People sometimes treat this like a straight line with a finish date. It isn't. The loop only works when steps four through seven feed back into earlier assumptions: definitions, data contracts, even which sources you trust.
A concrete example: Imagine a retail company asking, "Why did Q3 sales drop in the Midwest?" Data flows from the CRM and point-of-sale (POS) systems through an automated pipeline that deduplicates transactions and normalizes product categories. The warehouse stores this in a star schema with fact_sales joined to dim_store, dim_product, and dim_date. The semantic layer defines "same-store sales" consistently. An analyst queries the data, discovers that a key product was out of stock at several locations, and surfaces this in a dashboard. The operations team sees an alert, investigates, and fixes the supply chain issue. Next quarter's data will show whether the fix worked.
For data engineers, the focus is on steps one through three, pipeline reliability and data quality. For LOB executives, it's steps five through seven, speed from data to decision. A well-designed BI system respects both perspectives, and the friction usually lives at the handoff between them.
Benefits of business intelligence
When the components play nicely together, the payoff is real:
- Timelier decisions: Instead of waiting days for an analyst to pull data, business people can answer questions in minutes through self-service dashboards. The time between a business question and a confident answer shrinks dramatically.
- Consistent metrics across teams: A governed semantic layer ensures that "revenue" means the same thing in the sales dashboard, the finance report, and the executive presentation. No more conflicting numbers in meetings.

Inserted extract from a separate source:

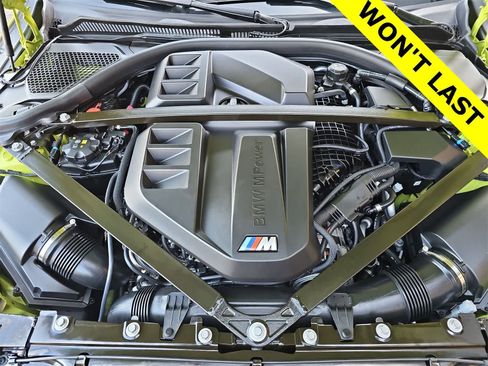 Used 2025 BMW M2 w/ Lighting Package image 13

- Reduced reliance on analyst intermediaries: Self-service access means LOB managers can explore data directly rather than submitting requests and waiting in queue. Analysts can focus on complex analysis instead of routine report generation.
- Improved operational efficiency: Automated data pipelines and real-time dashboards replace manual spreadsheet work, which frees teams to spend time on analysis instead of reformatting data.
- Clearer customer understanding: Unified customer data enables segmentation, personalization, and churn prediction that wouldn't be possible with fragmented systems.
- Data-driven culture: When insights are accessible and trustworthy, more people use data in their daily decisions. This compounds over time as data literacy spreads across the organization.
These benefits only materialize when the underlying components, especially data governance and data quality, are working correctly. A BI system with inconsistent metrics or unreliable data can make decisions worse by giving false confidence in flawed numbers.
BI tools and platforms
The BI tool landscape gets noisy quickly. A simple way to cut through it is to map tools to the component they serve.
Here's how common tools map to BI components:
- Data integration: Domo, Fivetran, Airbyte, Stitch, Talend, and Informatica handle extraction and loading from source systems.
- Data transformation: Domo, dbt, Dataform, and Matillion focus on the transformation layer, often running inside the warehouse.
- Data storage: Snowflake, BigQuery, Redshift, Databricks, and Azure Synapse provide warehouse and lakehouse capabilities.
- Semantic layer: dbt Metrics, LookML (Looker modeling language), Power BI semantic models, and AtScale define business logic and metric consistency.
- Visualization: Domo, Tableau, Power BI, Looker, Qlik Sense, and Metabase turn data into dashboards and reports.
- Governance: Alation, Collibra, Atlan, Monte Carlo, and Great Expectations handle cataloging, lineage, and quality monitoring.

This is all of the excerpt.